6.1 Visualize the three variables of interest in 3D

library("plot3D")
scatter3D(df$Fiscal.Year ,df$Current.Year.Production ,df$Previous.Year.Production)

dt <- cbind(df$Fiscal.Year ,df$Current.Year.Production ,df$Previous.Year.Production, col = NULL)
head(dt)
##      [,1]       [,2]       [,3]
## [1,] 2023 2393748000 2417856000
## [2,] 2023 2367876000 2324364000
## [3,] 2023 2222052000 2402568000
## [4,] 2023 2209116000 2858856000
## [5,] 2023 2742138000 2641884000
## [6,] 2023 2561916000 2784768000
kmeans(dt,centers=3)
## K-means clustering with 3 clusters of sizes 44, 18, 52
## 
## Cluster means:
##       [,1]       [,2]       [,3]
## 1 2022.227 2525927727 2688957409
## 2 2021.444 2565525667 2038710333
## 3 2021.096 2736009231 2559111692
## 
## Clustering vector:
##   [1] 1 2 1 1 3 1 1 1 1 1 1 1 1 1 1 1 1 1 1 1 1 1 3 1 1 3 1 1 1 1 1 1 3 1 1 1 1
##  [38] 1 1 1 1 1 1 1 3 3 3 2 1 3 2 2 1 2 2 3 3 3 2 3 3 3 3 3 3 3 3 3 3 3 3 3 3 3
##  [75] 3 3 3 3 3 3 3 3 3 3 2 2 2 2 2 2 2 2 2 2 2 1 1 3 3 3 3 3 1 3 3 3 3 3 3 3 3
## [112] 3 3 3
## 
## Within cluster sum of squares by cluster:
## [1] 1.216676e+18 1.660199e+18 1.119528e+18
##  (between_SS / total_SS =  62.4 %)
## 
## Available components:
## 
## [1] "cluster"      "centers"      "totss"        "withinss"     "tot.withinss"
## [6] "betweenss"    "size"         "iter"         "ifault"
kmeans = kmeans(dt,centers=3)$cluster  # vector of cluster belonging
dt$cm <-  kmeans  
## Warning in dt$cm <- kmeans: Coercing LHS to a list
scatter3D(df$Fiscal.Year ,df$Current.Year.Production ,df$Previous.Year.Production, colvar=df$cm)

We will use the kmeans() function in R to cluster the data into 4 clusters based on the Current.Year.Production and Previous.Year.Production variables.

set.seed(42)
oil_cluster <- df[,c("Fiscal.Year","Current.Year.Production", "Previous.Year.Production")]
kmeans_model <- kmeans(oil_cluster, centers = 3)

6.2 Visualize the clusters using a scatterplot and color the points according to their assigned cluster.

ggplot(oil_cluster, aes(x = Current.Year.Production, y = Previous.Year.Production, color = factor(kmeans_model$cluster))) + 
  geom_point() + 
  labs(title = "K-Means Clustering of Oil Production Data", x = "Current Year Production", y = "Previous Year Production")

(7) DISCUSSION

Based on the time series analysis of the Current.Year.Production variable, we can see an upward trend in oil production over the observed period. Additionally, there is a clear seasonal component to the data, with production peaking in the summer months and decreasing in the winter months. This information can be useful for companies involved in the oil industry, as they can adjust their production schedules to align with the seasonal patterns.
The linear regression model, which uses Previous.Year.Production, Fiscal.Year, and Difference.From.Same.Week.Last.Year as predictor variables, shows that the model has a low mean squared error (MSE) of 5.338338e-13. The predicted scatterplot shows that most points are close to the line, indicating that the model provides a good fit for the data.
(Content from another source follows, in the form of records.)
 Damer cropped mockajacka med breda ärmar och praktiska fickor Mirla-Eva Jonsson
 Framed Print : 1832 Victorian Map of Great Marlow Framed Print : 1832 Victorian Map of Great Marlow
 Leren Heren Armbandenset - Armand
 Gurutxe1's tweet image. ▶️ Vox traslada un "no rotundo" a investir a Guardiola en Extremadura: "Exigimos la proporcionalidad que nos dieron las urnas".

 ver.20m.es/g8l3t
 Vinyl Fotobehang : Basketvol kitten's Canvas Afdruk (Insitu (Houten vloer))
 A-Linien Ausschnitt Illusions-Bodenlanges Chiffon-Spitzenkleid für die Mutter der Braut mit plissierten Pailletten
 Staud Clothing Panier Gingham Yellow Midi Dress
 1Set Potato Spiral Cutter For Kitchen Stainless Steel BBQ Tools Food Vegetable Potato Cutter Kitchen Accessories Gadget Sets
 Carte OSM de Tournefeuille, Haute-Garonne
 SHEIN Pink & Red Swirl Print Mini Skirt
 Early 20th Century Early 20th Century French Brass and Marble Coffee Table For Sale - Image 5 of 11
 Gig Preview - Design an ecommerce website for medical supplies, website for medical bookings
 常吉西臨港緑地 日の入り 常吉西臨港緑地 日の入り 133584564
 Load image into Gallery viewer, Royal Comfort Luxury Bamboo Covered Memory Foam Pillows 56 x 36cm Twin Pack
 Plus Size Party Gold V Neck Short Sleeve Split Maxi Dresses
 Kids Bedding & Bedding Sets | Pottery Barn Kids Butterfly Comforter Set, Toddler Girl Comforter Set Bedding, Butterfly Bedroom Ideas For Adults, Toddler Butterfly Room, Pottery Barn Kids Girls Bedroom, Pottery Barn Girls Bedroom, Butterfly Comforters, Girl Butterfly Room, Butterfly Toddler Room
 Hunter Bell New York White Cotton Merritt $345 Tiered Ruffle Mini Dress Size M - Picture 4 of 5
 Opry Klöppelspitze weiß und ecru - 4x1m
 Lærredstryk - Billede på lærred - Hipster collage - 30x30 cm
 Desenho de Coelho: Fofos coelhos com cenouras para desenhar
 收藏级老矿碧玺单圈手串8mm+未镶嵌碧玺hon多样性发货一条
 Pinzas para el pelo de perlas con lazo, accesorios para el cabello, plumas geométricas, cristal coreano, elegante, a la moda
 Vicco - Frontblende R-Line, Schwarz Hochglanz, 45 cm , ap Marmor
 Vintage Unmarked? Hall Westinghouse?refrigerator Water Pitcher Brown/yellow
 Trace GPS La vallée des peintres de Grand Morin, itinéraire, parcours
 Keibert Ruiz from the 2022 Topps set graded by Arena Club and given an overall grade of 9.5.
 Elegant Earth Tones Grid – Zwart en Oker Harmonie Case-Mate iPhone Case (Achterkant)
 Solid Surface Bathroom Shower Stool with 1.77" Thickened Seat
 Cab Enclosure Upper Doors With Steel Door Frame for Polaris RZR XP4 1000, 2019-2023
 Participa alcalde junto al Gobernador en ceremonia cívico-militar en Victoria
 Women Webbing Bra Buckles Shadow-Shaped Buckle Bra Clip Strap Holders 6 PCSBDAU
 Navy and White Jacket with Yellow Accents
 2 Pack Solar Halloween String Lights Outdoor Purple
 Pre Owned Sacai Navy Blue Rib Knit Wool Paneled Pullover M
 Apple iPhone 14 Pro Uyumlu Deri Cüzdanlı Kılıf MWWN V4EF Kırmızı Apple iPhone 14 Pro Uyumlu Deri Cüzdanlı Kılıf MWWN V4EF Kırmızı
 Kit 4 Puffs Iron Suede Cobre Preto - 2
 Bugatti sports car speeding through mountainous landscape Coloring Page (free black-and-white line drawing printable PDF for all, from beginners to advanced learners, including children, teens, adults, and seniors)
This model can be useful for predicting future oil production levels based on the values of the predictor variables.
The clustering analysis using the kmeans algorithm shows that most of the data points are close to each other. The cluster means for Fiscal.Year, Current.Year.Production, and Previous.Year.Production suggest that there are three distinct groups of data points. This information can be useful for identifying patterns and trends in the data, and for making decisions about resource allocation and investment.

(8) CONCLUSION

The data analysis reveals useful information about the weekly oil production data. The time series analysis highlights the seasonal and upward trend of the production, which can help inform production scheduling. The linear regression model provides a useful tool for predicting future production levels based on predictor variables. The clustering analysis can help identify patterns and trends in the data, which can inform decisions about resource allocation and investment. Overall, the results of the data analysis can be used to inform strategic decision-making in the oil industry.